BooksForKidsBlog

Tuesday, May 04, 2010

Power of Books: That Book Woman by Heather Henson

My name is Cal
and I can help Pap
with the plowing
and I can fetch the sheep
when they take a-wander.

And I can bring the cow home too
come evening time,
which is right handy,
seeing as how
my sister Lark
would keep her nose
a-twixt the pages of a book
daybreak to dusky dark
If Mama would allow
.

Being way up in the Appalachians, as high as the hawks fly suits Cal just fine. Not "born to sit stony-still, no scholar-boy," Cal doesn't miss hiking a jillion miles down the creek to school either, and he sure doesn't miss reading that "chicken scratch" that Lark loves so much.

So when a a britches-wearing lady comes riding up the trail, Cal sure doesn't share Lark's excitement when she finds that the rider is a "book woman," one of the "Pack Horse Librarians" sent by the Federal WPA in the Great Depression to bring library services to remote rural areas. He watches with scorn while Lark reaches out eagerly for the treasure of a new book to read and the promise of another every two weeks.

Cal is impressed, though, when the book woman continues to come, through rain, fog, and freezing days of early winter. And one day, a day when deep snow, harsh winds, and lowering skies keep even the wild things "a-hid," on a day when the family keeps the door tightly sealed against the invasive cold, there's a sudden tap-tap at the door.

And there she be--
wrapped tip to toe!
She makes her trade
right through the crack
to keep us folks
from catching cold.
I stand a spell to watch
that Book Woman
disappear.
It's not the horse alone
that's brave
I reckon,
but the rider, too.

There must be something mighty powerful in book reading if it keeps his sister enthralled through the long winter and that book woman riding through such storms to bring the books to her, Cal sees.

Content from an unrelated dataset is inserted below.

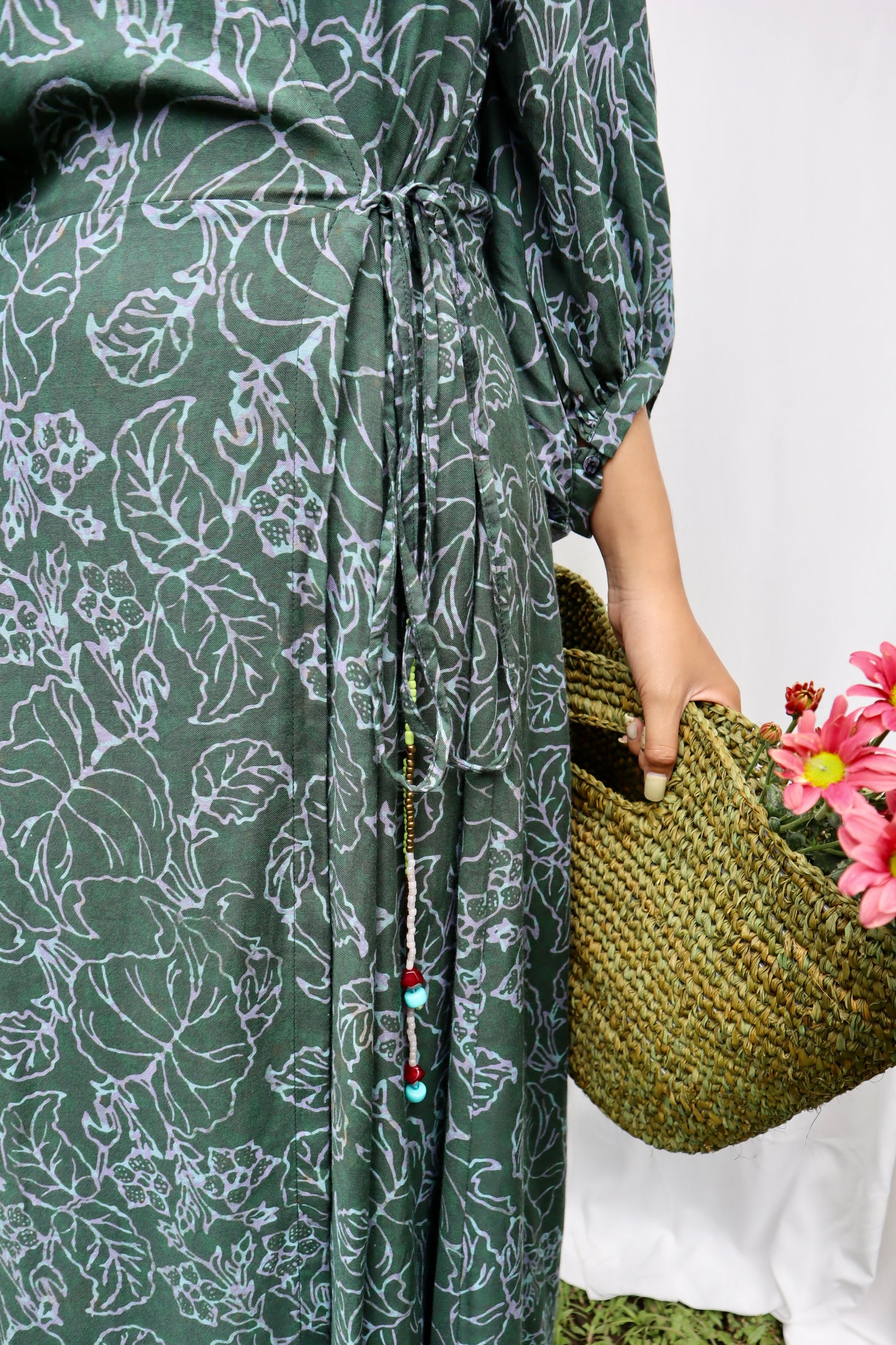 Maxi wrap dress VICTORIA\ Hand-painted fabric\puffy sleeves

With just a look between them, Lark quietly makes a place for Cal beside her and begins to teach him how to read that chicken-scratch like she does.

And come spring, when Ma shyly offers the book woman the only thing she can spare to give her, her berry pie recipe, the lady listens to Cal read his first book.

"That's gift enough," she says.


Evocatively illustrated in ink, chalk, and watercolors by Caldecott artist David Small, Heather Henson's That Book Woman is a great way to open the eyes of modern children, who often have too many books to count, to what a library and the promise of plentiful books can really mean in the life of a child. A great read-aloud during Children's Book Week, this book has been praised by reviewers for its poetic prose and memorable illustrations which show how it once was for children for whom the chance to read a book was a wondrous gift.